La première partie du rapport tranche la question de l’enseignement de l’informatique, en affirmant l’opportunité d’un tel enseignement dès le début de l’enseignement scolaire. Mais le CNNum prend bien soin d’insister sur la spécificité de cet enseignement qui n’est pas un enseignement académique de plus mais vise à développer la créativité des élèves en s’appuyant sur une démarche de projet.

La seconde partie est un appel à développer la littératie numérique en lui donnant sa place dès le collège dans tous les enseignements disciplinaires et en constituant ainsi un enseignement réparti dont le professeur-documentaliste pourrait être le coordinateur. Le B2i rénové serait ainsi pris en charge dans les différents enseignements. Cela suppose de transformer la formation, le recrutement et l’évaluation des professeurs en intégrant une dimension de leur professionnalité : la capacité à coopérer, conduire des projets avec le numérique. Cela implique aussi la mise en place dans chaque unité d’enseignement de projets coopératifs avec des partenaires extérieurs développant l’initiative des élèves. Il faut systématiser les expériences de publication par les élèves comme par les enseignants pour mettre en commun des ressources pédagogiques. Il s’agit enfin d’adapter matériellement la classe et l’établissement au mode projet, avec des espaces de travail collaboratif, ouverts sur l’extérieur.

La troisième partie propose d’oser le baccalauréat des humanités numériques. Ce baccalauréat, prudemment expérimenté puis généralisé, pourrait permettre de dépasser les stériles oppositions sclérosées entre « littéraires », « scientifiques », « économistes » et, à terme, sans que les auteurs l’écrivent, d’unifier le baccalauréat général.

La quatrième partie appelle à une nouvelle donne éducative, appuyée sur l’école en réseau. Les maîtres mots sont partenariats, développement d’une ESPE numérique, travail collaboratif sur le nouveau design du métier d’enseignant, gouvernance des établissements en lien avec les parents, collectivités locales et les territoires, évolution des établissements vers la connaissance ouverte, garantir un marché francophone de la ressource éducative et de la formation.

La cinquième partie en appelle à renforcer le lien entre recherche et éducation : recherches actions, recherches contributives en études numériques, assises de l’édition numérique.

La sixième vise à accompagner l’explosion des usages éditoriaux : normes ouvertes, autoproduction de contenus, validation et certification de ces contenus, clarification des rôles du public et du privé, extension de l’exception pédagogique, encouragement à l’open data.

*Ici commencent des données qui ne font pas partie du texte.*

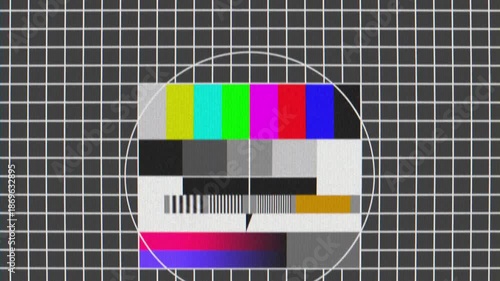 Retro CRT Analog Television Screen With Test Pattern Loop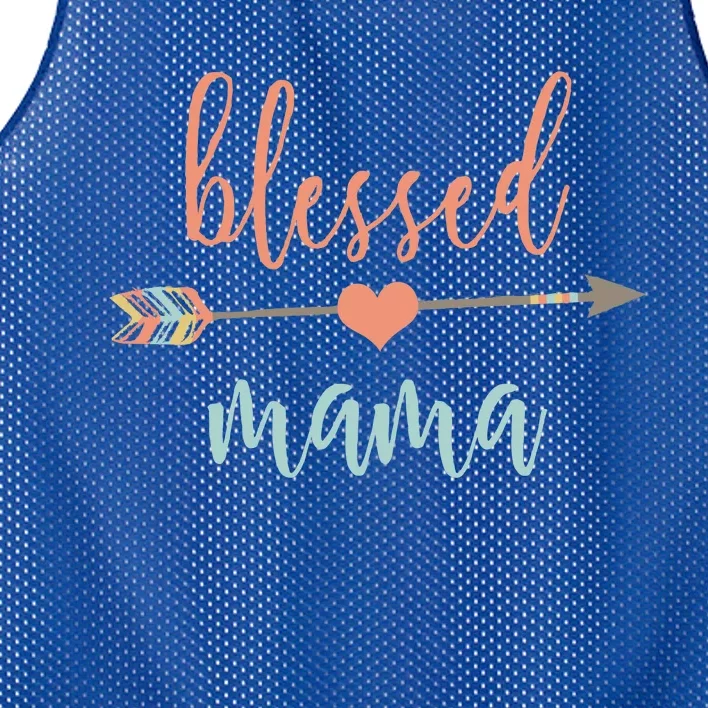 Cute Arrow Blessed Mama Cool Gift Announcet Mesh Reversible Basketball Jersey Tank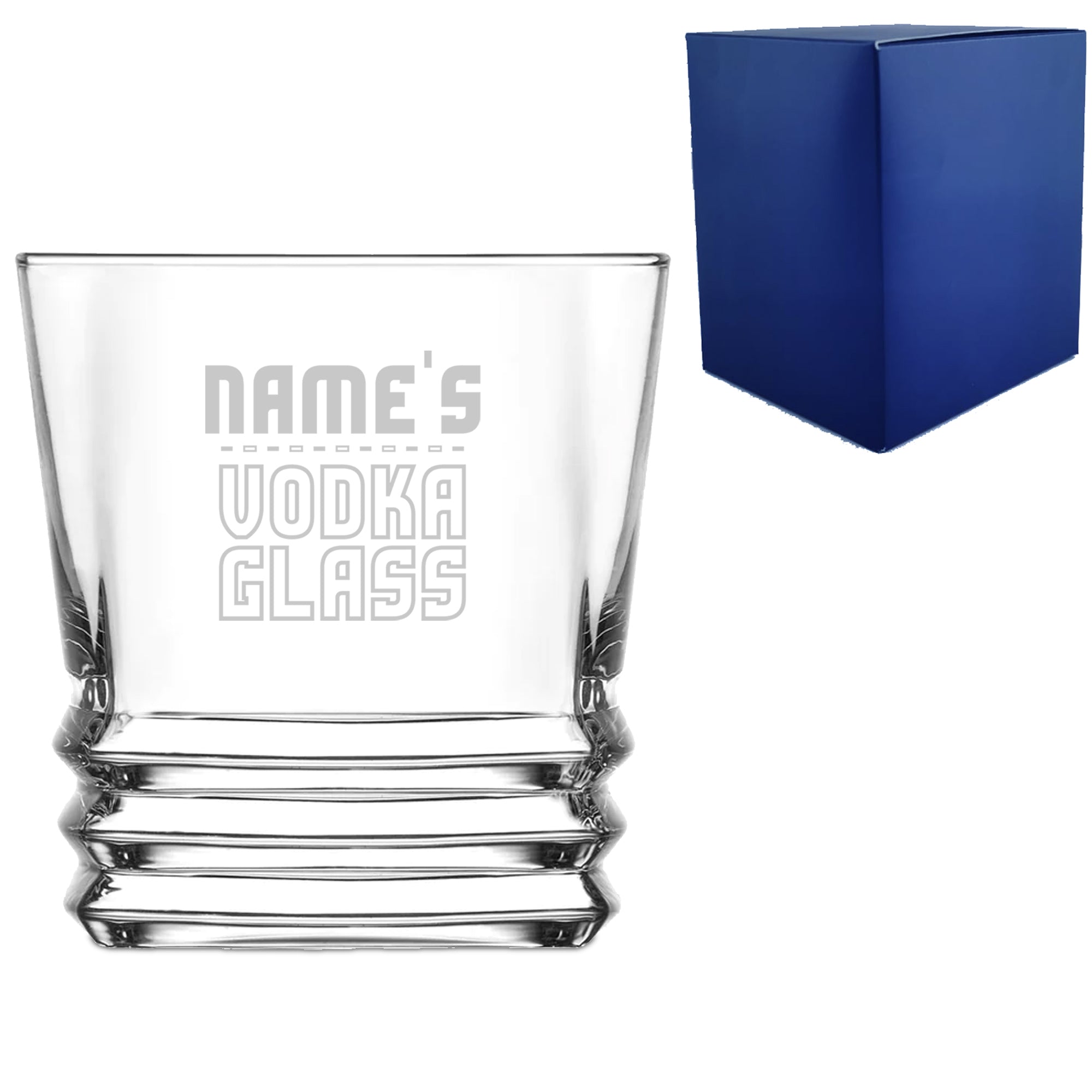 Personalised Engraved Vodka Elegan Tumbler with 'Name's Vodka Glass' Design Image 2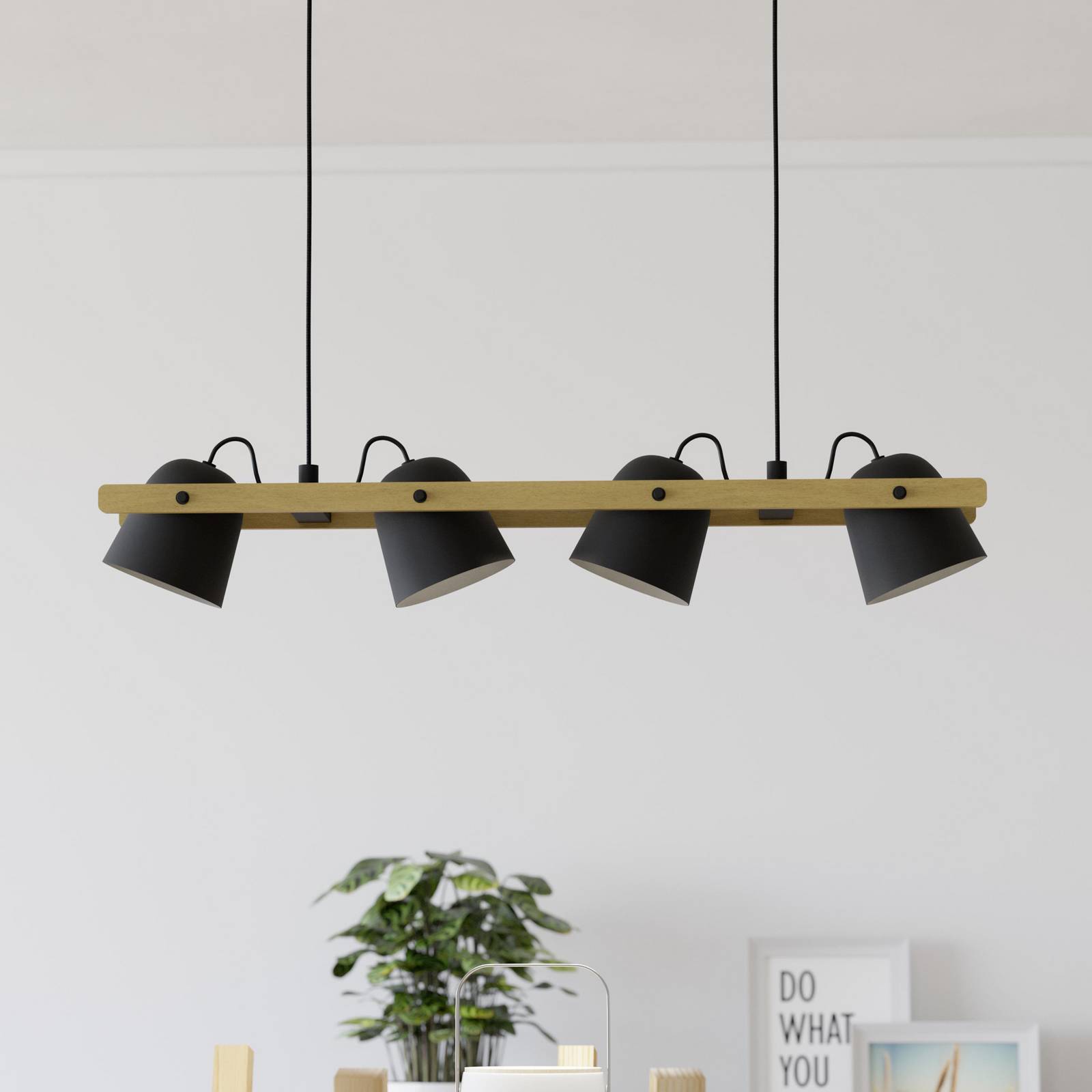 EGLO connect Plafonnier LED Hornwood-Z, 4 lampes, noir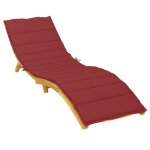 Vidaxl coussin de chaise longue rouge bordeaux 200x50x3 cm tissu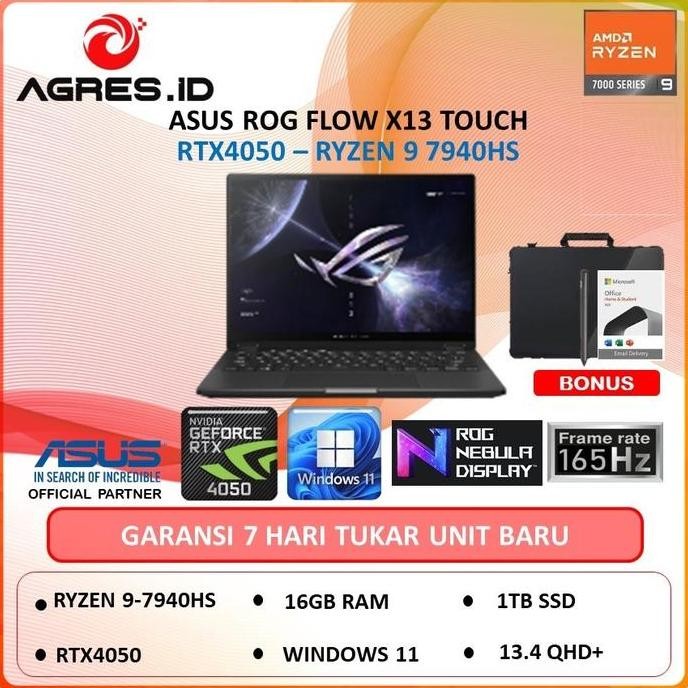 Asus ROG Flow X13 GV302XU RTX4050 Ryzen 9 7940HS 16GB 1TB SSD QHD+65Hz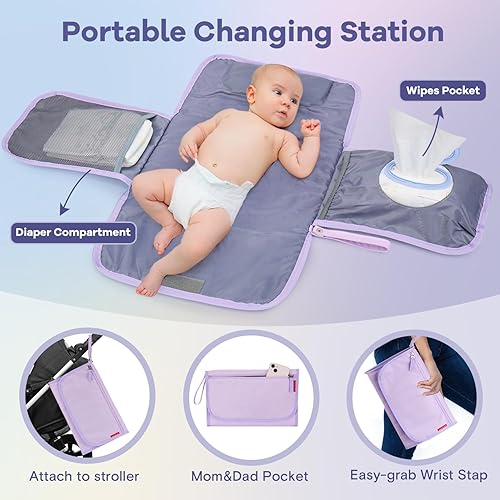 RUVALINO Diaper Bag Backpack, Multifunction Travel Pack Maternity Baby Changing Bags, Large Capacity, Waterproof, Black - Jamouz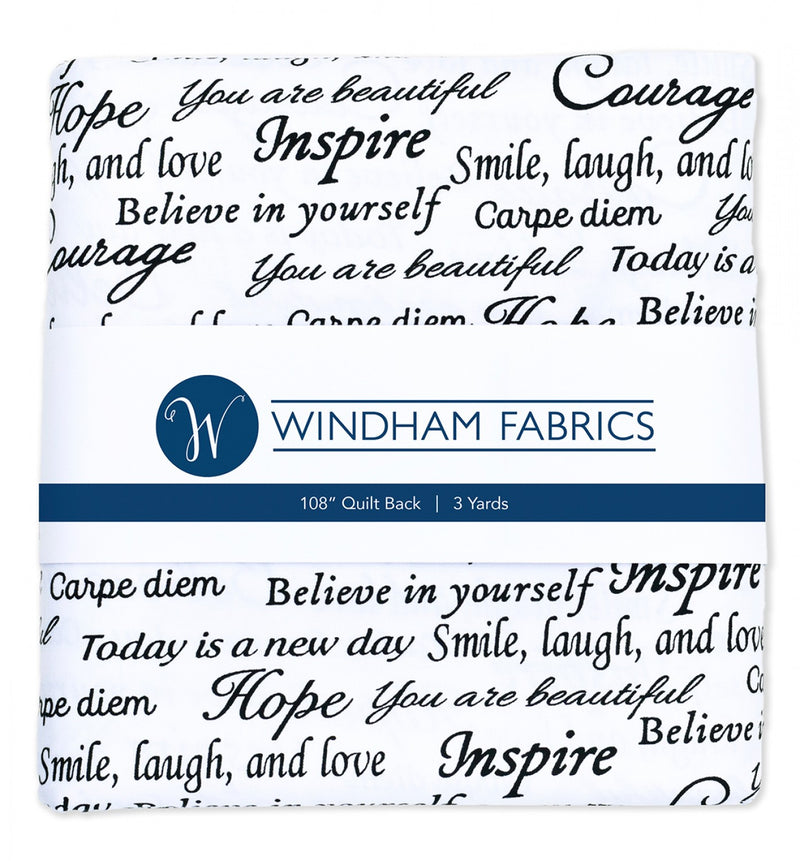 3 Yard Precuts, Inspirational Words, 108in Wide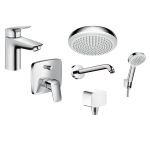 Hansgrohe Logis zestaw bateria umywalkowa i wannowo-prysznicowa z kompletem natryskowym i deszczownicą chrom (71100000, 71405000, 26577400, 27412000, 26666400, 26457000)
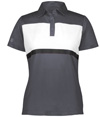Ladies Prism Bold Polo CARBON/WHITE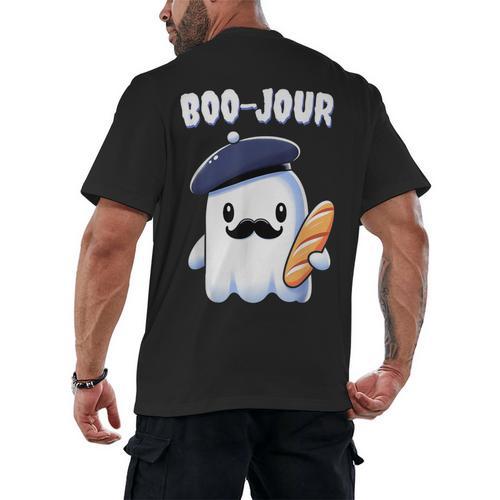 Boo Jour Ghost French Teacher Vintage Teacherlife Groovy Men's Back Print T-Shirt - teacherstshirts.com DE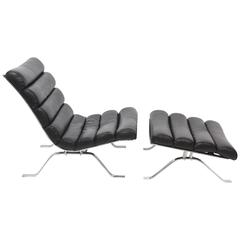 Arne Norell Chrome and Leather Chair and Ottoman, Sweden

La septième est un appel à collaborer avec les industries de la formation, de façon à libérer les enseignants de tâches répétitives à faible valeur ajoutée.

Ce rapport bouscule des allant de soi : les silos disciplinaires, le fractionnement du bac général, le temps scolaire réduit à des heures de cours et l’espace scolaire à des salles de classe, une formation et des concours de recrutement des professeurs quasi exclusivement disciplinaires, les corsets qui contraignent l’autonomie des établissements. Certains y verront une dangereuse dérive libérale. D’autres percevront dans cette volonté de refondation numérique l’objectif de donner à l’école de la République les moyens d’être enfin juste et désirable pour tous.